Italian football club

A.S.D. Città di Giulianova 1924 A.R.L. was an Italian association football club based in Giulianova, in the province of Teramo, Abruzzo. Relocated from Roseto degli Abruzzi in 2012, Città di Giulianova played in Eccellenza Abruzzo in 2012–13 season and Serie D from 2013 to 2016.

The club was an illegitimate phoenix club of Giulianova Calcio (matricola number: 21780). In 2016 Città di Giulianova was replaced by A.S.D. Real Giulianova.

==History==

===A.S.D. Cologna Paese Calcio===
A.S.D. Cologna Paese Calcio (matricola number: 61845), based in Cologna Paese frazione, Roseto degli Abruzzi, in the province of Teramo, won 2007 Eccellenza Abruzzo and promotion to Serie D. That season the club signed former professional footballer Antonio Croce, who returned to professional football in 2008. In 2008 the club also relegated back to Eccellenza.

In 2012 the sports title was relocated to Giulianova by the decision of the club president Ferdinando Perletta.

At the same time A.S.D. Cologna Spiaggia (matricola number: 73826), from the frazione of the same name, also in Roseto degli Abruzzi, renamed to A.S.D. Cologna (later A.S.D. Cologna Città di Roseto and A.S.D. Cologna Calcio) as the representatives of the two frazioni, in Prima Categoria.
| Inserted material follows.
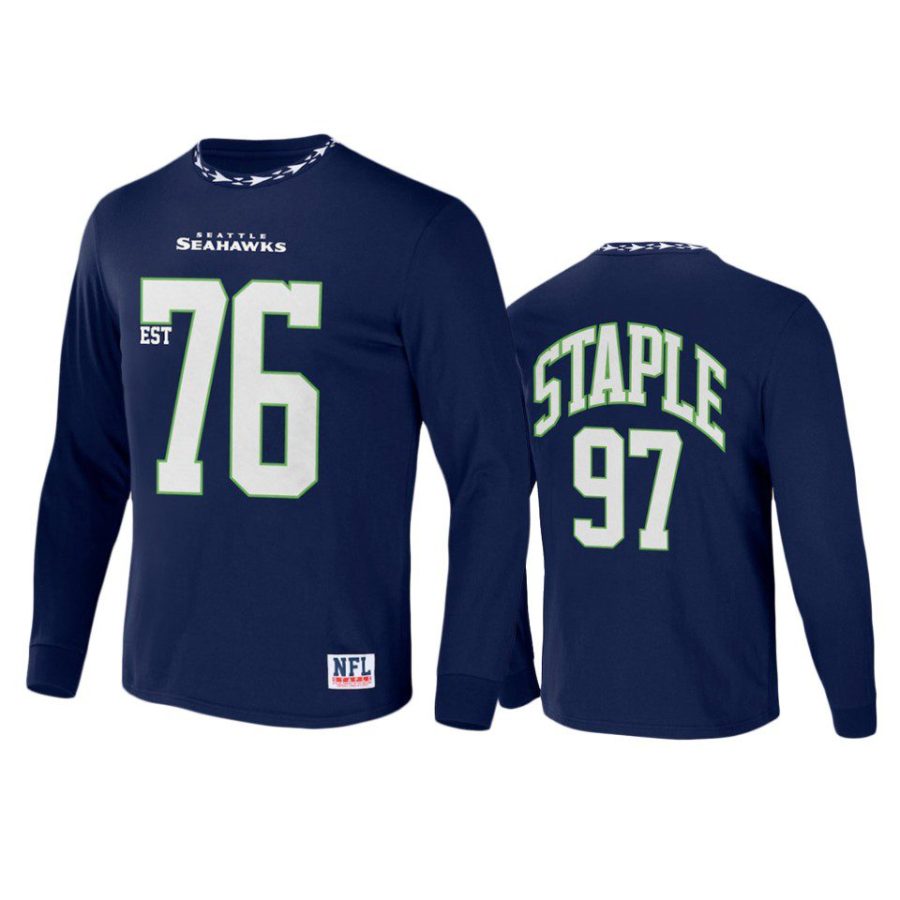 seahawks navy staple core long sleeve t shirt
However, Cologna Paese was re-founded and chaired by Daniele Perletta, son of Ferdinando Perletta in Terza Categoria in some time later.
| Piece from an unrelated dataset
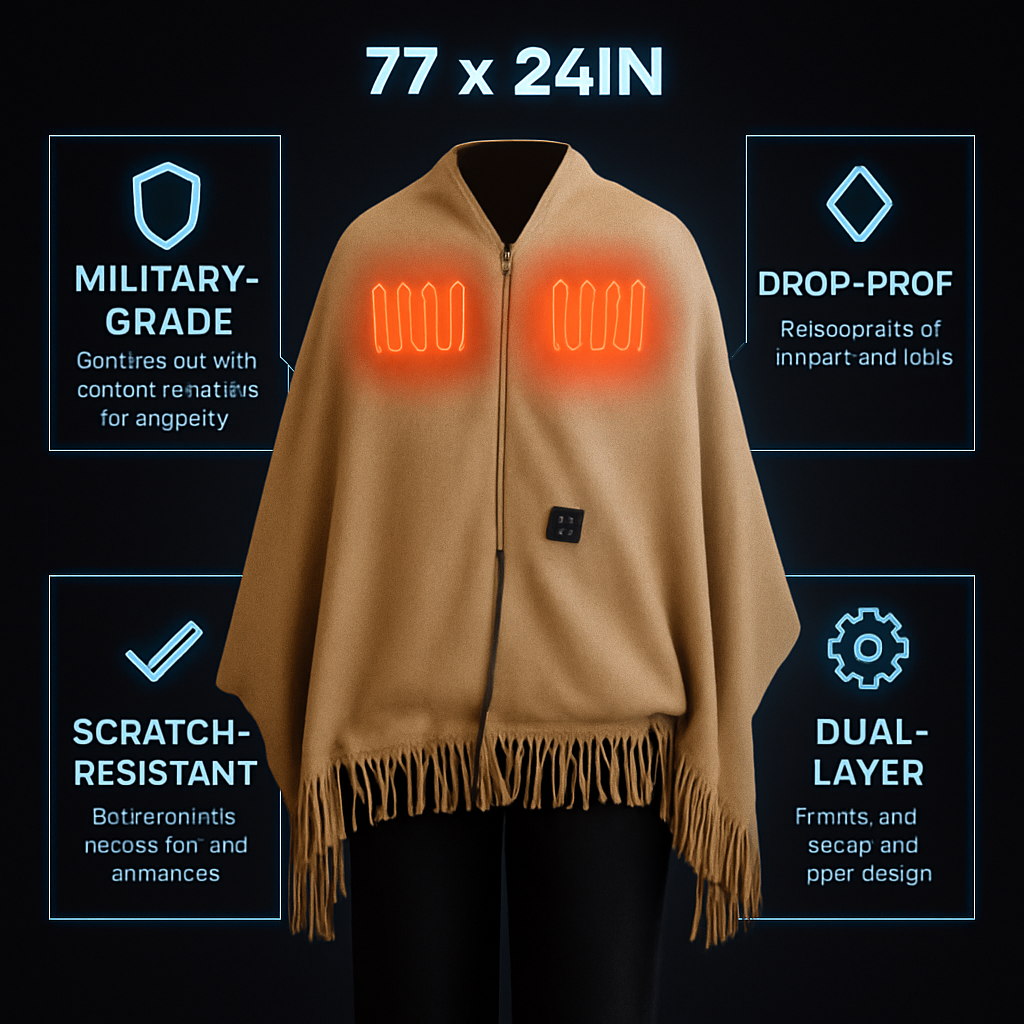 Chal califactor USB de 77x24 pulgadas, manta térmica portátil, cobija eléctrica con cremallera, 3 niveles de calor, lavable a máquina para interiores y exteriores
Cologna Paese had a rivality with Rosetana, a club based in Roseto degli Abruzzi.

===A.S.D. Città di Giulianova 1924===
In 2012, after the bankruptcy of Giulianova Calcio, Cologna Paese was allowed by Italian Football Federation to relocate to Giulianova. The club also renamed itself to A.S.D. Città di Giulianova 1924 (matricola number: 61845). The club won promotion to Serie D in 2013. In 2015, Città di Giulianova did not renew the contract with Giuliesi per Sempre, the owner of the logo of the original Giulianova team.

Scuola Calcio Giulianova, a football academy, was a partner of Città di Giulianova. However, in 2014 S.C. Giulianova merged with Colleranesco to become another team which compete in adult football league, as Calcio Giulianova.

In 2016 the club was relegated from Serie D. However, the club did not play in Eccellenza Abruzzo either. Another new team A.S.D. Real Giulianova was birth in Promozione by the relocation of A.S.D. Castellalto.

==Colors and badge==
Its colours are yellow and red.

==Stadium==
It plays its home matches at Stadio Rubens Fadini.